Nice work. Nonsense. "Stopping when you hit a weekly goal" is a psychological game that is actually detrimental to your success. How do you know that the remaining days in the week will be losers if the previous days in the week were winners? Winning and losing days are randomly distributed. You could have a string of winners or losers in a row and there's no way to know ahead of time. Therefore you don't know ahead of time if it's going to be a winner or a loser, and therefore there's no reason to stop trading when you hit a "weekly goal" unless you just don't feel like trading anymore. What if you make $1,000 by Wednesday. How do you know you would lose it all on Thursday? How do you know you wouldn't make $2,000 on Thursday? You don't. If you do, I would like to invest a significant amount of money with you. Unless you have some way to know if your future trades are going to be winners or losers, then how do you know if you're going to "lose everything you gained"? Look, there are 5 days in a week. You have no idea which days are going to be winners and which days are going to be losers. there's nothing magical about starting on Monday and stopping on Friday. Trade the days you want. You have the same chance of making money on any day that you trade as you do on any other day you trade. There's no "stopping when you hit a weekly profit level." Trade whenever you feel like trading.
This is kind of generic advice. Why would anyone ever take a trade that isn't a good setup?
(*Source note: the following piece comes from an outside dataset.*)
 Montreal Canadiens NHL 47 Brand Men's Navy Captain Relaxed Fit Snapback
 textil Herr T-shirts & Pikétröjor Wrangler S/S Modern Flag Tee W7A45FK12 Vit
If I didn't think a setup was good, I wouldn't take it.
entering a trade on a reversal at res/supp is a good setup, .....res/supp geting tagged and reversing in djt,nq,es and dollar or euroy ,,any 2 or more together is a great setup
Or how about a lot more intra-day volatility...today was good at the first half of the day and then we slowed down a lot at the second half. By the way, thanks a lot for your earlier post explaining money management, makes a lot of sense, much appreciated.
Glad it helped. Feel free to post some of your own charts if you want. I'd like to see how other people are using this method.
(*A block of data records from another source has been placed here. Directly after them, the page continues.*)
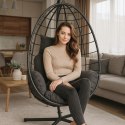 Fotel wiszący huśtawka, kokon składany czarny, antracyt z poduszkami KR37GRAF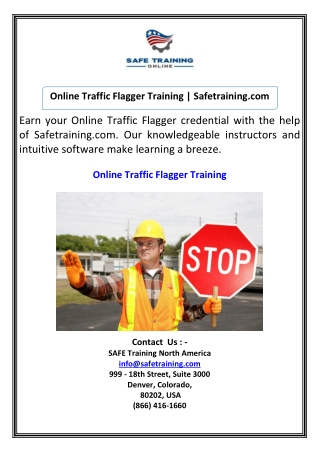 online traffic flagger training safetraining com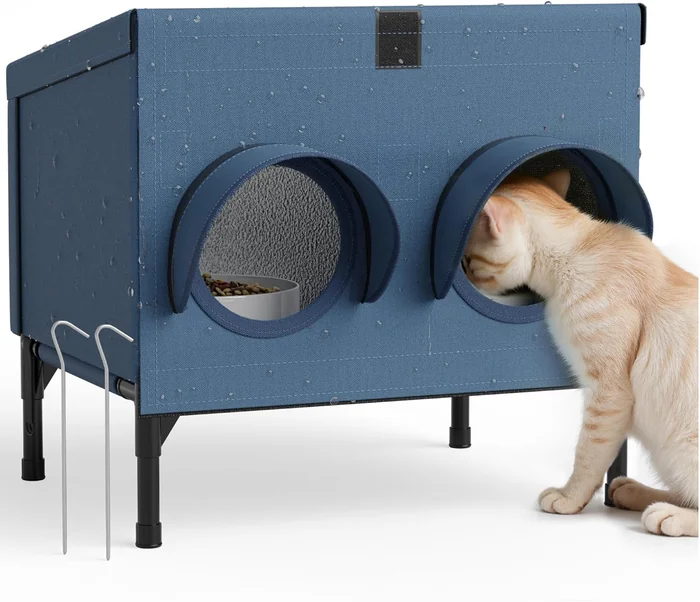 Outdoor Cat Feeding Shelter for Feral & Stray Cats, Insulated Dining Room with Slanted Roof & Double Feed Hole, Connects to PELUOMOZ Cat Houses, Windproof & Weatherproof – Navy Blue, 16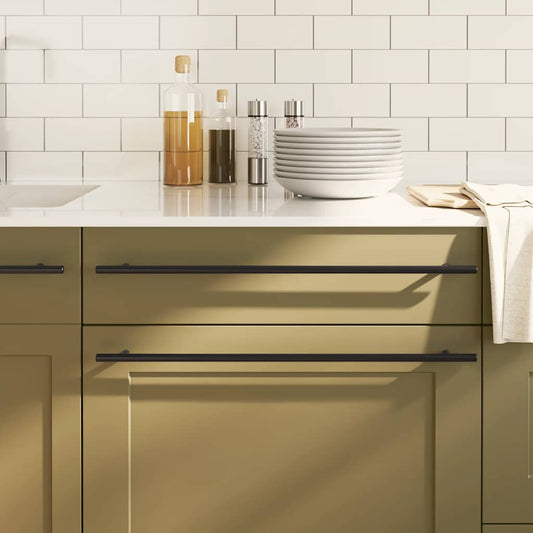 vidaXL Λαβές Ντουλαπιών 5 τεμ. Μαύρες 480 χιλ. από Ανοξείδωτο Ατσάλι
I usually don't trade like this, but I've recently been using bollinger bands in combination with fib retracements to get a feel for a short bias or long bias. Usually, I'd fill the positions at 1, and 3, and 5 increments but today I did it different. I went long at the bottom end of the chart expecting a retracement, I chose the -9 point to close the position and go short 9 skipping the 1 and 3 points. It's somewhat risky so I will plan on minimizing this kind of trade. Chart attached. If anyone is curious, I use thinkorswim from TDAmeritrade for my charting and do the actual trading on Interactive Brokers.
Sorry, let me clarify, the bottom at that point was 1232, I went long at 1232.50 (which is still pretty close to the bottom). My reason for going long at that point was because the es sharply declined and went south of the lower bollinger band.